Uno snellimento della parte burocratica è un passaggio fondamentale da compiere. Nel mondo dello sport professionistico anche un solo giorno di differenza può stravolgere le carte in tavola. Cambiare marcia in questo senso potrebbe risultare la ciliegina sulla torta di un nuovo progetto che, in parte, ha dimostrato di aver focalizzato alcuni problemi sorti in passato.
L'arrivo di una figura come quella di Valerio Spinelli è il risultato delle somme tirate alla fine dello scorso, deludente, campionato dalla squadra irpina. Serviva una dirigenza con più polso, in grado di intervenire alle prime avvisaglie di spaccature nello spogliatoio e in grado di risolverle. Un aspetto sotto il quale Avellino è stata più che carente negli ultimi due anni. I cali netti delle prestazioni dei roster irpini arrivati nella seconda metà degli scorsi due campionati non hanno lasciato spazio a troppe interpretazioni. L’ex play e capitano della Scandone conosce l’ambiente avellinese come le sue tasche e, in questo senso, potrà far valere la sua posizione per non arrivare sul problema in ritardo, per prevenirlo piuttosto che curarlo.

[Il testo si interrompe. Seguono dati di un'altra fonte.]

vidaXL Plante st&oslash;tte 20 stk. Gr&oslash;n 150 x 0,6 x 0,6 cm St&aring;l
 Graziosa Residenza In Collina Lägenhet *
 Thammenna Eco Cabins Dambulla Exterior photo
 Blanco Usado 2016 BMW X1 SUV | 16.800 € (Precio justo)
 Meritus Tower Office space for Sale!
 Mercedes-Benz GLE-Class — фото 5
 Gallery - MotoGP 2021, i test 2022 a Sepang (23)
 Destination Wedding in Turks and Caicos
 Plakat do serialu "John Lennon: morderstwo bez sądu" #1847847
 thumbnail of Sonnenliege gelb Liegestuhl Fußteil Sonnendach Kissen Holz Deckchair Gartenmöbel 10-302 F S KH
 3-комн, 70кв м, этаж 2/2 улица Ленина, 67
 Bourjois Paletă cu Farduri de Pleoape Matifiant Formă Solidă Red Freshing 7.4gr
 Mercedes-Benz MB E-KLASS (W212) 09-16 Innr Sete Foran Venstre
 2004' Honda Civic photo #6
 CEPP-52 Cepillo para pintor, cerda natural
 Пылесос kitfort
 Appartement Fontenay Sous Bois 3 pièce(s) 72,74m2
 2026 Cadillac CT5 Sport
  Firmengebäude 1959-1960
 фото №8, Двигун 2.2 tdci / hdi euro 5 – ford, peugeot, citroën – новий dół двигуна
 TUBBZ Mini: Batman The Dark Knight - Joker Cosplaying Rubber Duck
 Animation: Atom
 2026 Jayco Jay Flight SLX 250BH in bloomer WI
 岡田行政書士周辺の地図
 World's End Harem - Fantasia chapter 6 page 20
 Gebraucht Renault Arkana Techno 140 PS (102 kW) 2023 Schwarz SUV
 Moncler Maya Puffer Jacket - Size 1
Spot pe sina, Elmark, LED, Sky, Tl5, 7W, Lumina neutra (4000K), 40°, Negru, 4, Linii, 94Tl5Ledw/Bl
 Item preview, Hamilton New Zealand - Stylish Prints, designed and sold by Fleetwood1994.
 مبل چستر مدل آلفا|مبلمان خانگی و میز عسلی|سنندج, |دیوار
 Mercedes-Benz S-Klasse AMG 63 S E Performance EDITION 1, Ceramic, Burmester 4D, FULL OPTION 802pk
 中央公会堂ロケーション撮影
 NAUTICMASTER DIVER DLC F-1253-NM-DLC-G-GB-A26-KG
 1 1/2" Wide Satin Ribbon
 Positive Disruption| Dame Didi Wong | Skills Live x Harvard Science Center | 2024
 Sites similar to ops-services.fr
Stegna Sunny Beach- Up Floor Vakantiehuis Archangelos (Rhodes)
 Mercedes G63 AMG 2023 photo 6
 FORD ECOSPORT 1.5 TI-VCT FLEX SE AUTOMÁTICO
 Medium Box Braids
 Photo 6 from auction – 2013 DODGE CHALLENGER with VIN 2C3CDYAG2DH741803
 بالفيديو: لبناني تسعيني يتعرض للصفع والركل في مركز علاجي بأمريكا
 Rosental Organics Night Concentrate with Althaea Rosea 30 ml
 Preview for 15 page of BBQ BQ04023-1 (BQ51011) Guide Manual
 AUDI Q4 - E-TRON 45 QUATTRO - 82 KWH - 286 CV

De Cesare ha compiuto una scelta coraggiosa richiamando al proprio ovile Spinelli. La scelta di affidarsi ad uomo alla prima esperienza da dirigente; di dargli l’opportunità di intraprendere una nuova carriera e di maturare passo dopo passo. Di ripartire da zero. Una scelta coraggiosa. Lo stesso coraggio che servirebbe per mettere a posto gli ultimi dettagli e fare un passo in avanti dal punto di vista delle tempistiche. Oggi è stata un’altra giornata di annunci in Serie A. Avellino, al momento, ha soltanto ufficializzato Spinelli. La speranza è che a stretto giro di posta possa arrivare anche la nomina a head coach di Pino Sacripanti.